Thursday, July 17, 2008
Locking in a habit
…According to a story by Charles Duhigg, NYT, July 13, 2008, an anthropologist named Val Curtis, now director of the Hygiene Center at the London School of Hygiene and Tropical Medicine, had spent years trying to get people in the developing world to wash their hands with soap.
…Turns out, soap is a hard sell.
…So she turned to some big companies to teach her how to make people like soap just like these companies made them like Pringles and Speed Stick.
…Look at toothbrushing, Curtis says—this was made into a habit. Relentless advertising does this.

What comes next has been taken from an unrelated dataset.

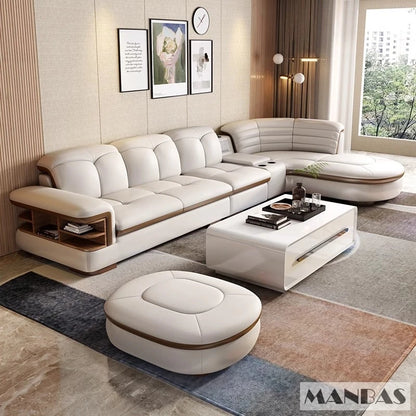 Luxury L-Shaped Genuine Leather Sectional Sofa Sets with USB, Bluetooth Speaker -  Living Room Italian Leather Couches
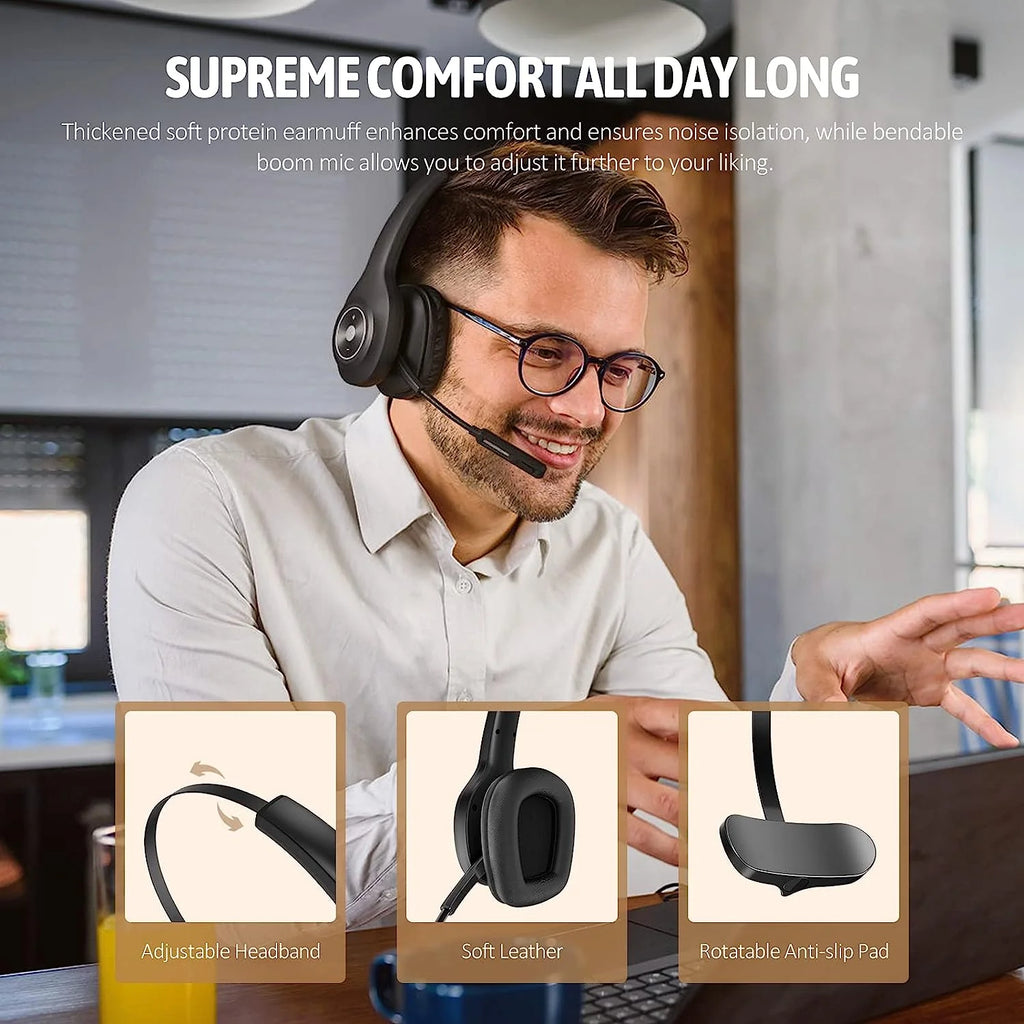 Bluetooth Headset with Microphone Noise Cancelling, 55H Talk Time K859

…Yet some developing world ad campaigns were having the opposite effect than the one desired. Antidrug messages reminded people of the weed in the drawer, condom ads made them think of sex.
…To promote the handwashing, Curtis lassoed in Procter & Gamble, Colgate-Palmolive and Unilever. Ghana was the target country.
…In Ghana, half the people already washed after using the restroom or before eating—but they didn’t use soap.
…Mothers didn’t see deadly diseases like deadly diarrhea in their kids as related to cleanliness. And many did use soap when something disgusting was on their hands. By the same token, though, they didn’t want to associate their kids with something disgusting.
…Paradoxically, the toilet was not an object of disgust—it was better than the privy.
…So the ads showed mothers and kids leaving the john with weird purple stuff on their hands and contaminating everything they touched. They sold disgust—but soon soap began to sell, too.
…Now, 13% more people there use soap. Soap before eating—up 41%.
…They say do something for 3 weeks and it becomes a habit. And not just in Ghana.